I remember when my parents came home and told me they had just purchased a baby grand piano for me. Oh, the excitement! I will never forget the pride I felt when I sat down and transcribed my first song by ear in just a couple hours. Playing the piano always helped me clear my mind and feel relaxed. As my teacher said, “you can’t play Bach and also worry about something else at the same time.” I loved the power and beauty that came with playing an instrument and making an inanimate object sing.
Then, after a decade of playing the piano, I decided to give it up. I gave up going to lessons and competing because I was stressed out about college applications and I wanted to enjoy my senior year. I felt I didn’t have the time to dedicate hours a day to playing the piano. I knew these weren’t really legitimate excuses and I couldn’t even bring myself to face my piano teacher because I was ashamed I was giving up something that I loved so much. It is a decision I still regret from time to time – such as today. When I went off to college, I told myself that I would pick it up again. But, I never made the effort to continue playing the piano consistently.
At one point in my life, I truly wanted to be a concert pianist – and that still sounds like an amazing career that I might have been able to achieve. For the time being, I have decided to dedicate my efforts towards my business career and I hope I made the right decision..
I have extreme FOMO (Fear Of Missing Out) when it comes to career decisions.
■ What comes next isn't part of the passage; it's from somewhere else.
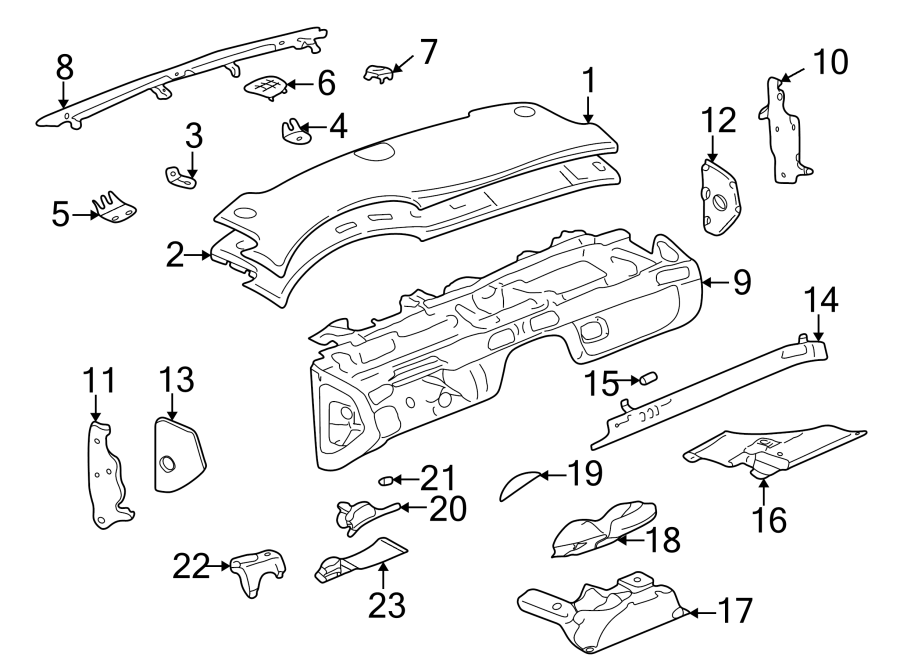 Diagram INSTRUMENT PANEL. for your 2005 Chevrolet Silverado 3500 LS Cab & Chassis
I always thought this was normal but then after discussing with several friends, I realized that it really isn’t. I just believe there are too many things to do in this world, to many experiences to be had, too many contradicting opportunities to seize – it truly stresses me out. I know that life is all about balance and we can’t do everything. But, how am I to decide when I have so many different passions that I want to pursue?
A quote that perfectly sums up my life:
“Sometimes I can hear my bones straining under the weight of all the lives I’m not living.” – Jonathan Safran Foer
I love music, I love literature, I love the arts. I want to write a novel one day. And be the founder of a nonprofit that makes an impact on the lives of those that lack access to education. I want to travel the world and experience new cultures. I want to learn 9 languages fluently. I want to work for a social enterprise that impacts the lives of others. There are so many things I want to accomplish in this life and the trouble is finding the time to do it all.
My current career path is not as clear as I would like it to be. I may not really know exactly what I want right now – and that’s ok because I am only 22 years old and figuring it all out shall be fun. I just know that one day I hope to look back on my life and be able to say, “I made it.” I still don’t know what “making it” looks like for me – but I am excited to find out. Maybe I will decide to be a concert pianist – it’s never too late right? There are 80 year olds graduating from college and 50 year olds changing career paths. There are also dedicated violinists who have been playing their instrument for decades, reaching the height of their career, and performing on the most important stage in Mexico – el Palacio de Bellas Artes. Congratulations Lalo, you made it!